#6. Pipeline vibes

Topics: Dagster, data quality, Apache Kafka, late arriving data, pipelines.


Data Quality Meetup #4 — Datafold Team.

The following topics are discussed:

  • The Best Data Quality Investment in 2021
  • Verity: Data Quality as a Service
  • Unit Tests for SQL with dbt & Python
  • Building Security Conscious Data Apps
  • Fake It Till You Make It: A Backward Approach to Data Products

Thanks to @SimonOsipov for this topic.

level:medium topic:data-quality type:video


Incrementally Adopting Dagster at Mapbox — Ben Pleasanton @ Dagster Blog.

We all know that Dagster may be (and maybe already is) the Next Big Thing after Airflow. But how many success stories did you read? Yes, adoption grows, but something impossible with Airflow? Well, folks from Mapbox hit the wall of complexity with Airflow, and they choose Dagster to cope with this complexity.

level:medium topic:dagster topic:pipelines


Understanding Kafka Topic Partitions — Dunith Dhanushka @ Event-driven Utopia.

Our editor Ksenia is a personal fan of Dunith Dhanushka articles.
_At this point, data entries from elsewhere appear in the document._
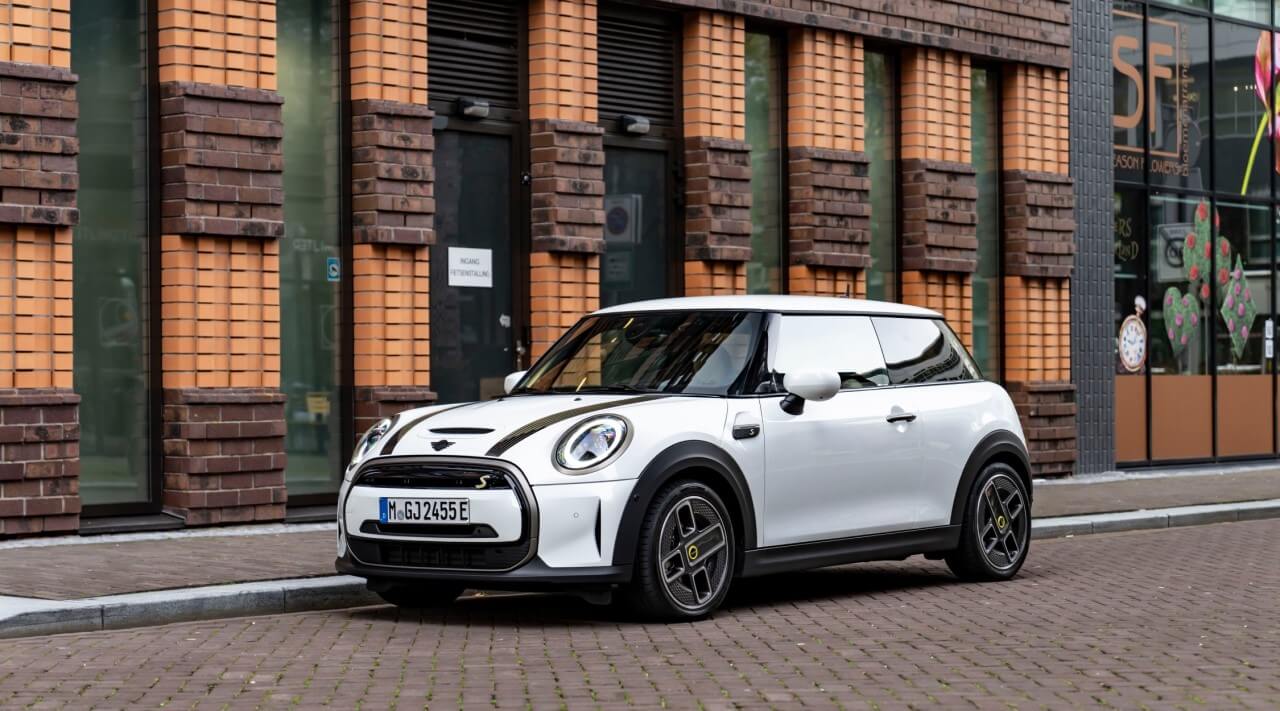 Mini Cooper SE 3 portas em branco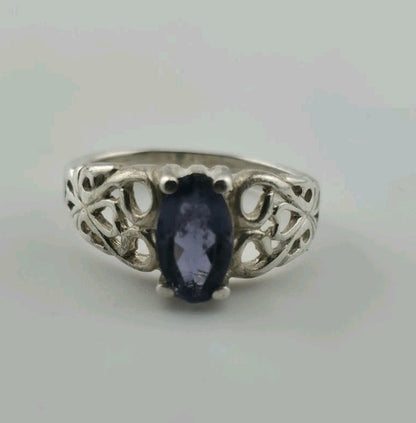 sterling silver Ring Purple amethyst Oval Stone Filigee Open Work Band size 5.25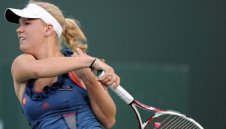 Возняцки и Стоусър с ударно начало в Индиън Уелс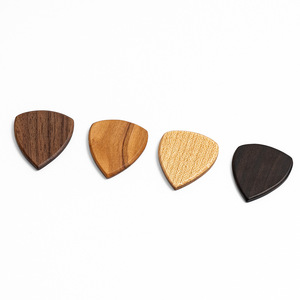 Plettri per <span class=keywords><strong>chitarra</strong></span> in legno d'ulivo lucidato, ecologici e personalizzati, realizzati a mano, idea regalo per il 5° anniversario, per lui o per lei - Product Image 5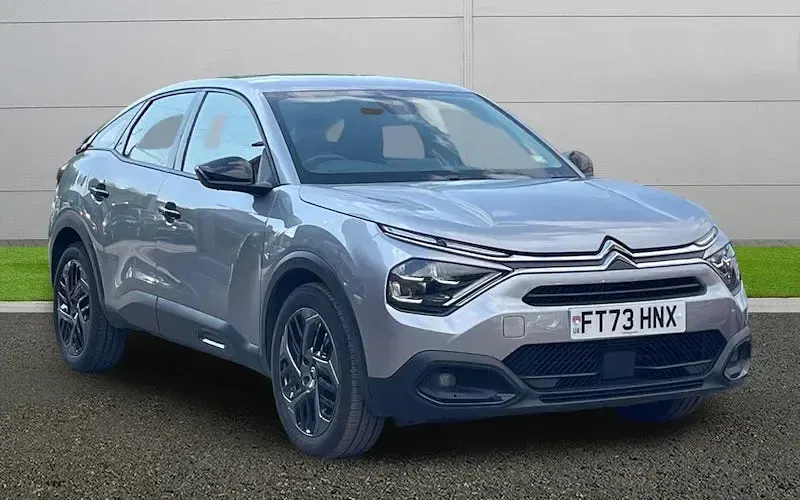 Usado Citroën C4 PureTech 101 HP (74 kW) 2024 SUV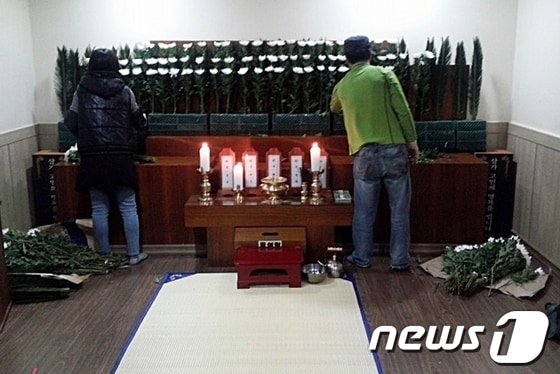 18일 오전 울산시 북구 21세기좋은병원 장례식장에 마련된 경주 마우나리조트 붕괴 사고 사망자들의 합동빈소를 찾은 조문객들이 헌화하고 있다. © News1  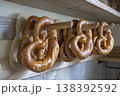 ドイツの伝統パンプレッツェル（pretzel, brezel） 138392592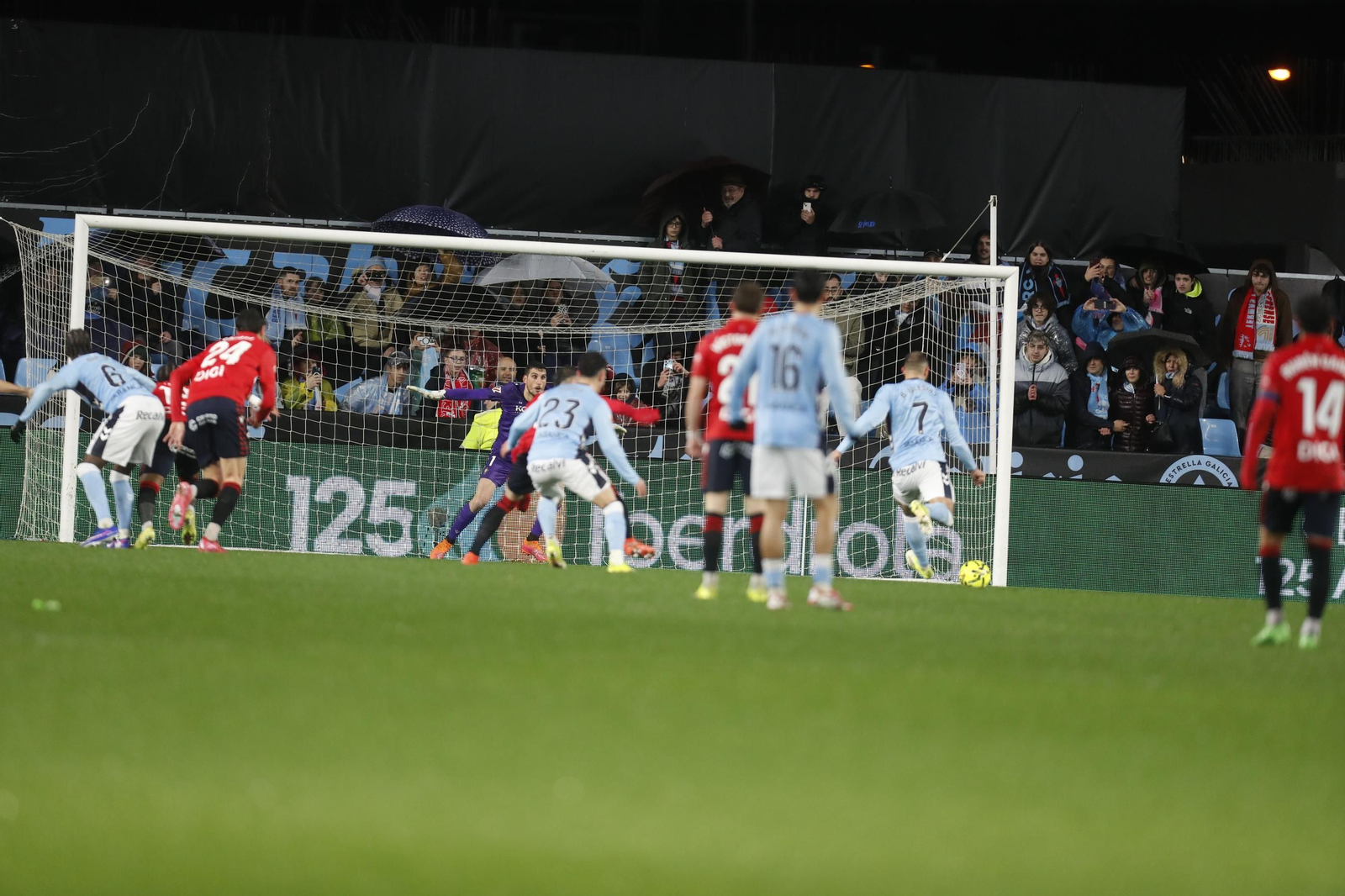Borja Iglesias se dispone a tirar y marcar un penalti el pasado viernes ante Osasuna.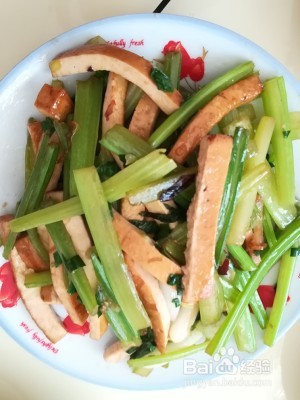 健康养生佳品芹菜炒豆干的做法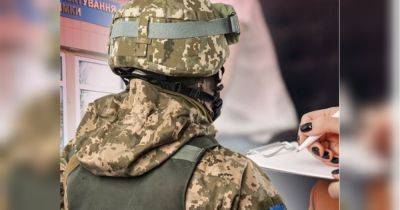Должен выписать исключительно руководитель военкомата: юристы уточнили правила вручения повесток - fakty.ua - Украина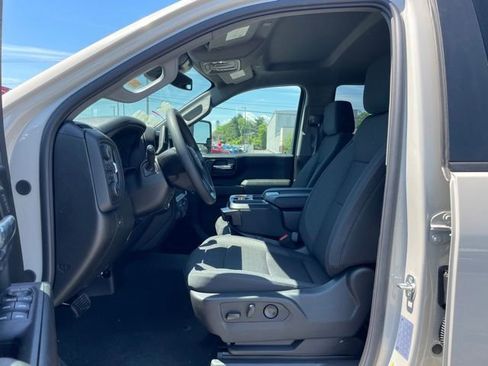 New 2026 Chevrolet Silverado 2500 Custom w/ Custom Value Package AWD/4WD image 7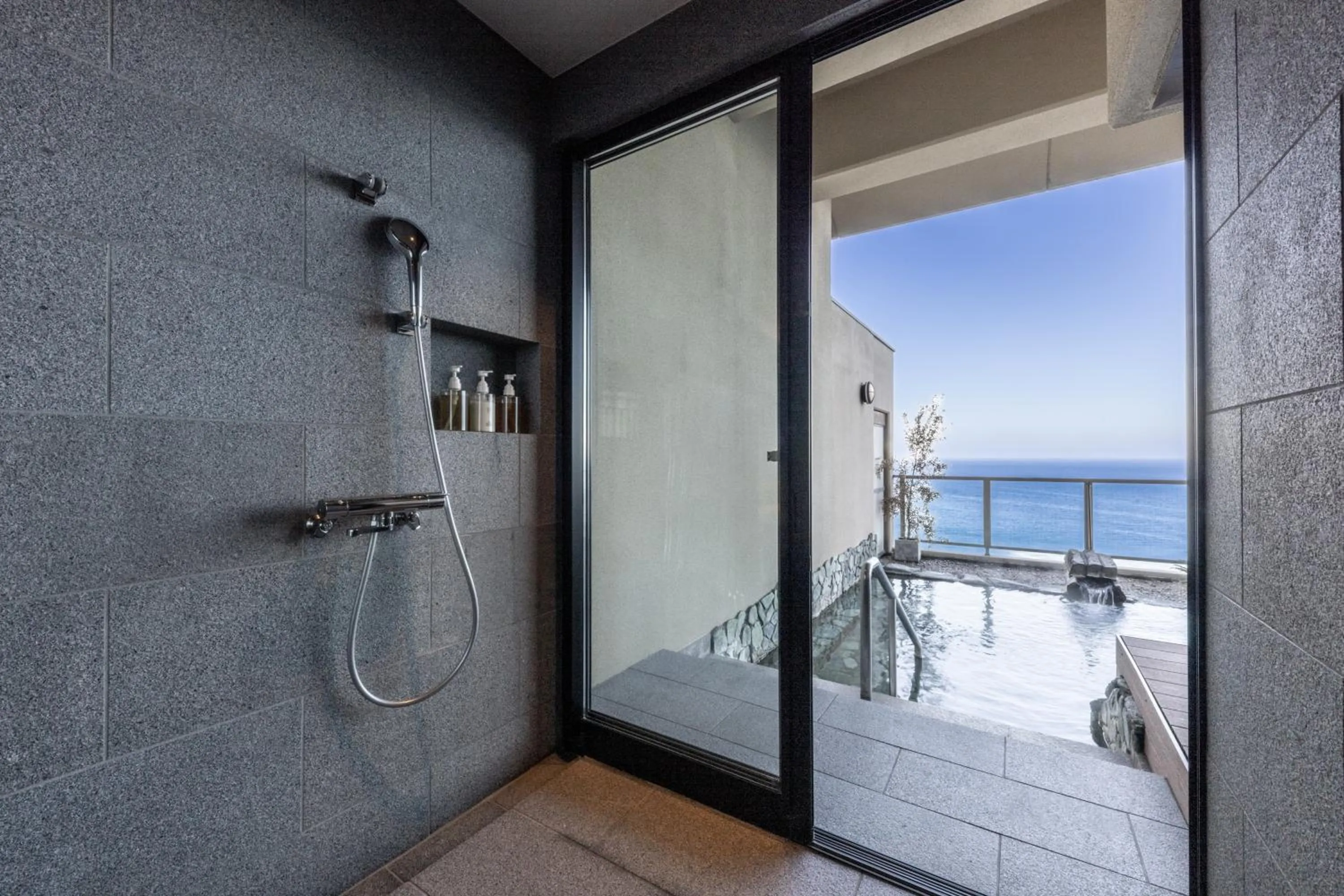 Shower in IZU RETREAT by Onko Chishin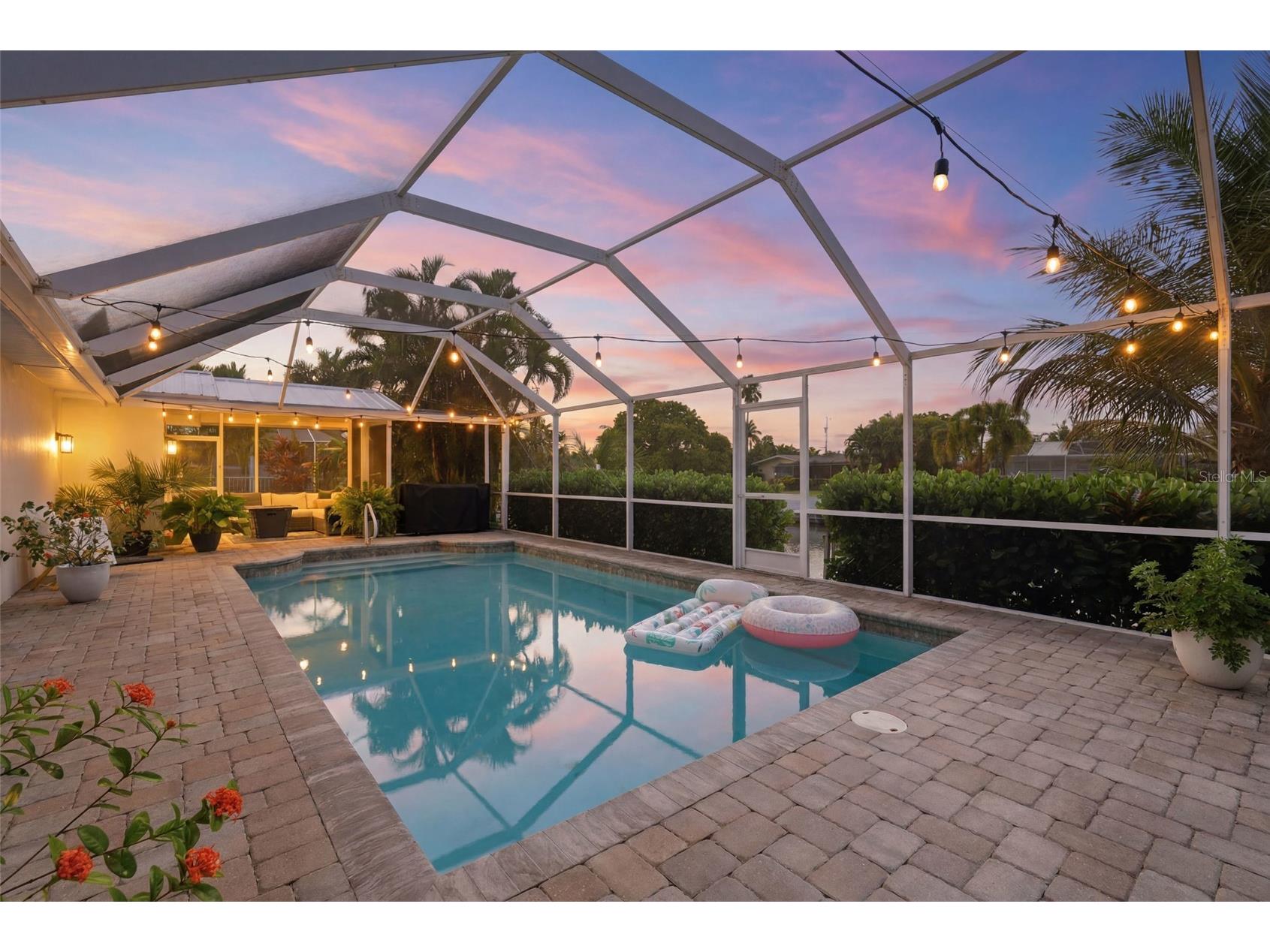 2835 SE 18th Avenue Cape Coral FL 33904 A4696583 image37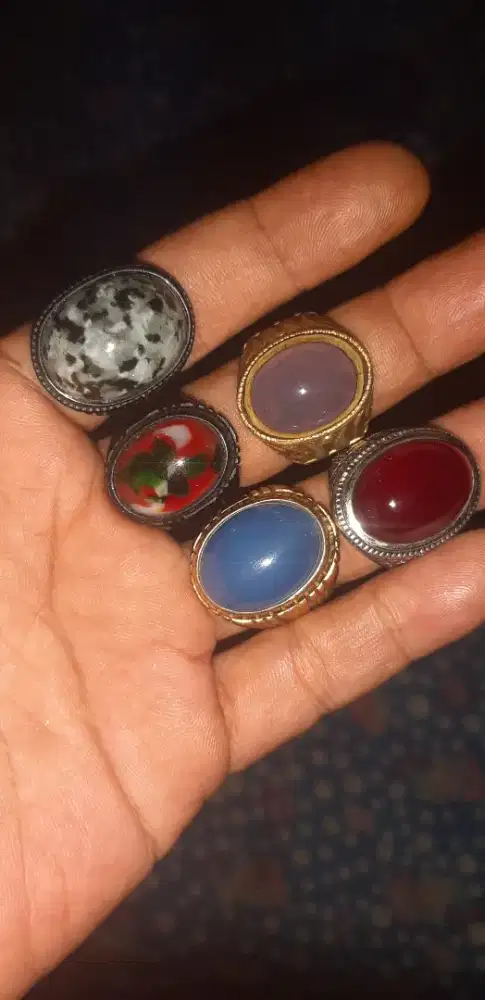 Batu cincin Borongan batu lawasan peninggalan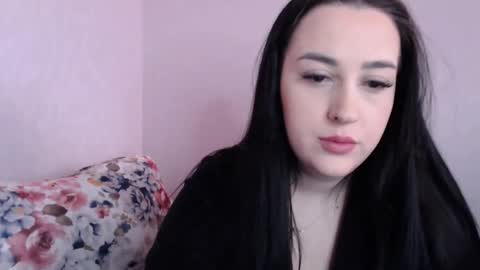 Snapshot of vitalina_freedom chatting on January 2, 2025, 12:57 pm Vitalina online show from January 2, 2025, 12:57 pm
Many schemes, easy to read, practical use!

level:beginner topic:kafka


An optimistic approach to handle out-of-order events within analytical stream processing — JetBrains.

29 article pages about out-of-order data arrival. This topic will be burned into your mind. If no, read the references, too.

level:advanced topic:late-arriving-data type:whitepaper


Data Fusion: A Code-Free Pipeline for Your Google Cloud Data Warehouse — Guillaume Dupont @ Towards Data Science.

Everybody loves to get results without writing a code. The most popular solution for building pipelines without code is Apache NiFi. But what if one can build the whole warehouse with all processes inside without code? Looks like Google Data Fusion may be used for it!

level:medium topic:pipelines


Written on July 2, 2021